Dünkü galibiyete rağmen Fenerbahçe’yle ilgili eleştirilerim sürüyor. Normal olarak antrenmanlarda yapılan çift kale maçlarında yenmeyecek goller yeniliyor, bir antrenman maçı gibi bahtsız ve plansız bir oyun oynanıyor.
Fenerbahçe’de hangi oyuncunun nerede neye karşı ne yaptığını anlayabilen varsa bize de anlatırsa iyi olur. Fenerbahçe’nin bir oyun planı yok. Oyuncuların kişisel yaratıcılıkları ve girişim özgürlüklerine dayanan bir futbol oynanıyor. Böyle olunca da taraftarın beklediği baskılı oyun sahaya konulamıyor. Fenerbahçe’deki oyunun en çok eleştirilecek yönü, oyuncuların oyuna konsantrasyondaki bozukluk ve agresif top mücadelesi olarak ortaya çıkıyor. Oyuna karşı agresif olamayan oyuncuların, sinirlerini hakemden ve rakipten çıkarma çabaları, Fenerbahçe’ye yakışmıyor.
Özellikle Rapajc’in artık uzun süre kenarda dinlendirilmesi gerektiğine olan inancım daha da arttı. İleri ikilinin arkasında hücum organizasyonları yaratması için oynatılan Rapajc’in, özellikle bütün bir ikinci yarı boyunca orta saha çizgisinin arkasına saklanması anlaşılır gibi değil.

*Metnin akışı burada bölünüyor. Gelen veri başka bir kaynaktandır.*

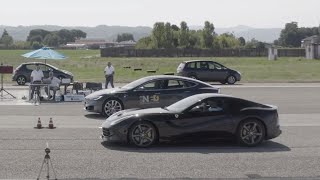 Tesla Model S P100D vs Ferrari F12 14 Mile Drag Race [upl. by Adlaremse570]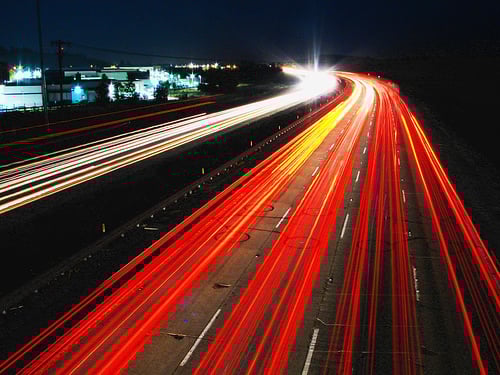 An example of light trail photography showing cars' headlights and tail lights on a busy highway. Image via digital-photography-school.com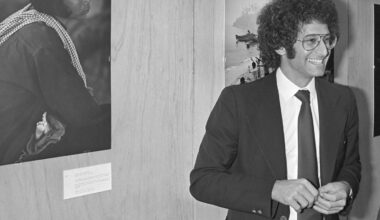 A man in a suit and tie with curly hair and glasses smiles while standing indoors next to a wall displaying black-and-white photographs.
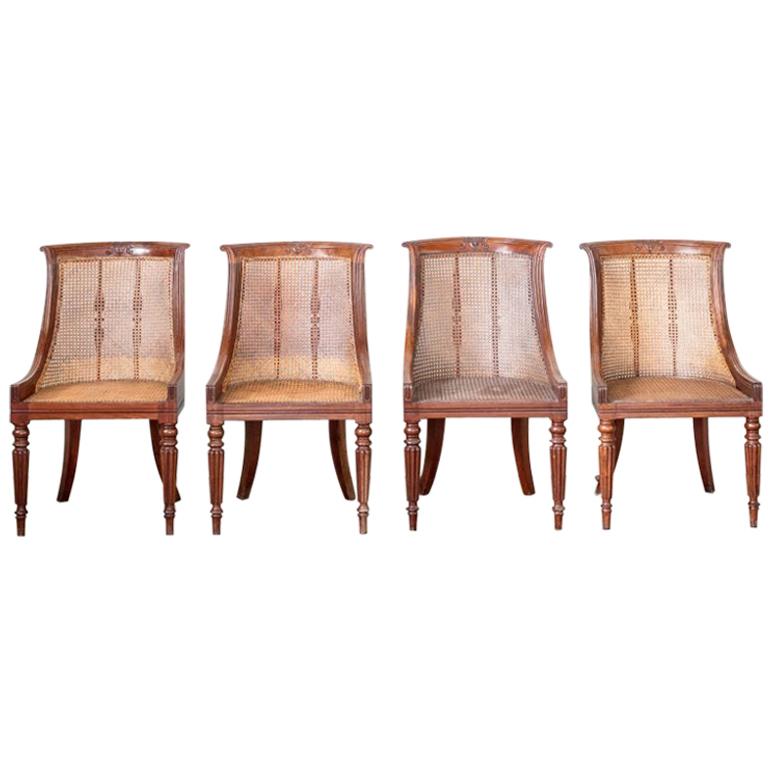 Set of Four Regency Mahogany Caned Dining Chairs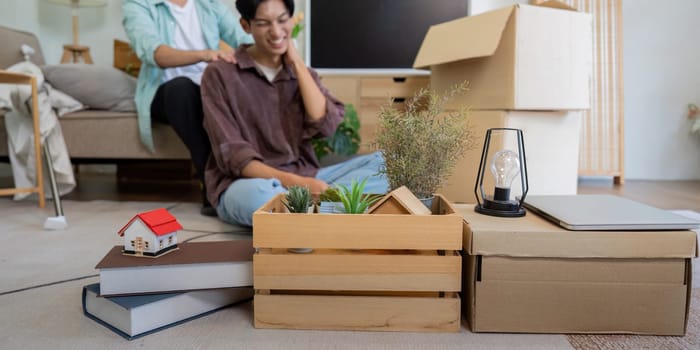 A gay couple unpacks boxes in their new home, emphasizing their teamwork and affectionate bond.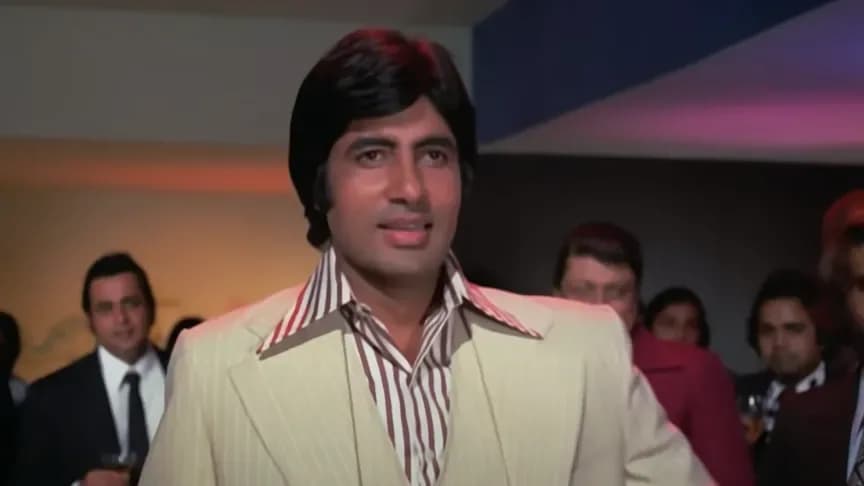 Amitabh Bachchan in a vintage photo from 'Deewaar', standing in a rain-soaked alley, looking intense.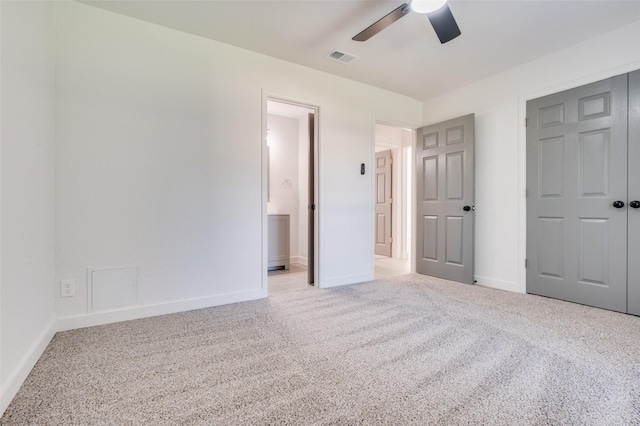 22 W Mountain Ln Unit 42, Grand Prairie, TX 75052 - unfurnished bedroom with light carpet, baseboards, ensuite bath, and a ceiling fan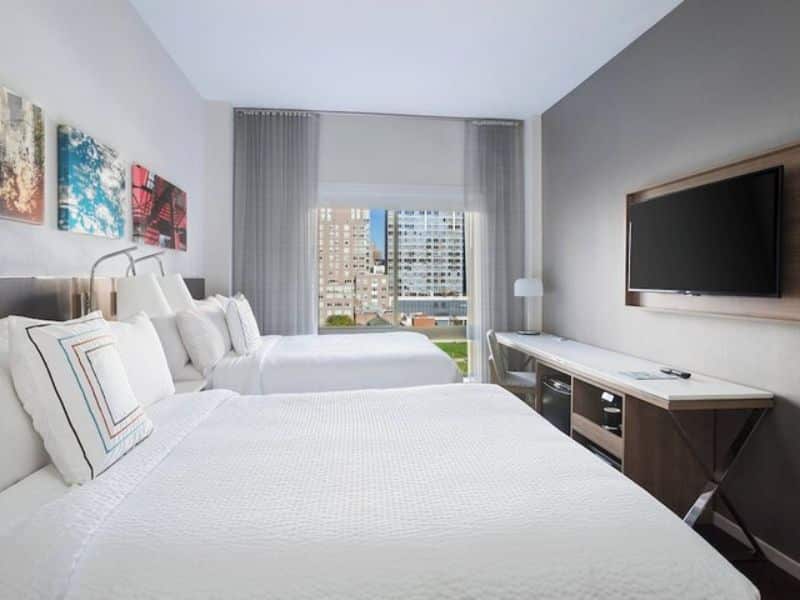 Cozy guest room at Fairfield Inn & Suites by Marriott New York Manhattan/Central Park, featuring two beds, flat-screen TV, modern decor, and city views through large window.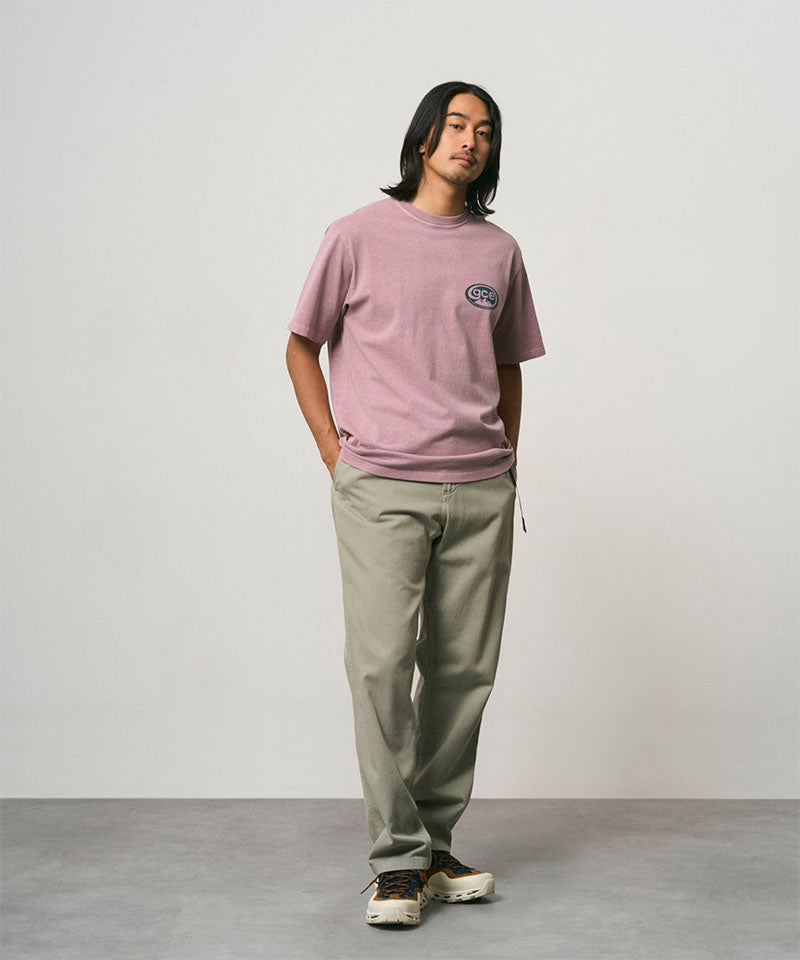 Model wearing a lilac pigment colored Gramicci GCE Tee Pigment Dyed and olive green pants on a light-tone background.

Ümit Özat ağır oyunuyla defansın kolay pozisyon vermesine yol açıyor. Nitekim dün yenilen gol de, büyük ölçüde Ümit’in zamanlama hatasından kaynaklandı.
Maçın hakemi Erol Ersoy çok kritik hatalar yapmadı, ancak 88’inci dakikada Lazetiç’in ceza sahası üzerinde biçilmesi, hem kart hem de frikik olmalıydı. Erol Ersoy, Fenerbahçe aleyhine kolayca çaldığı düdükleri ve gösterdiği kartları, sıra Rizespor’a gelince gösteremedi.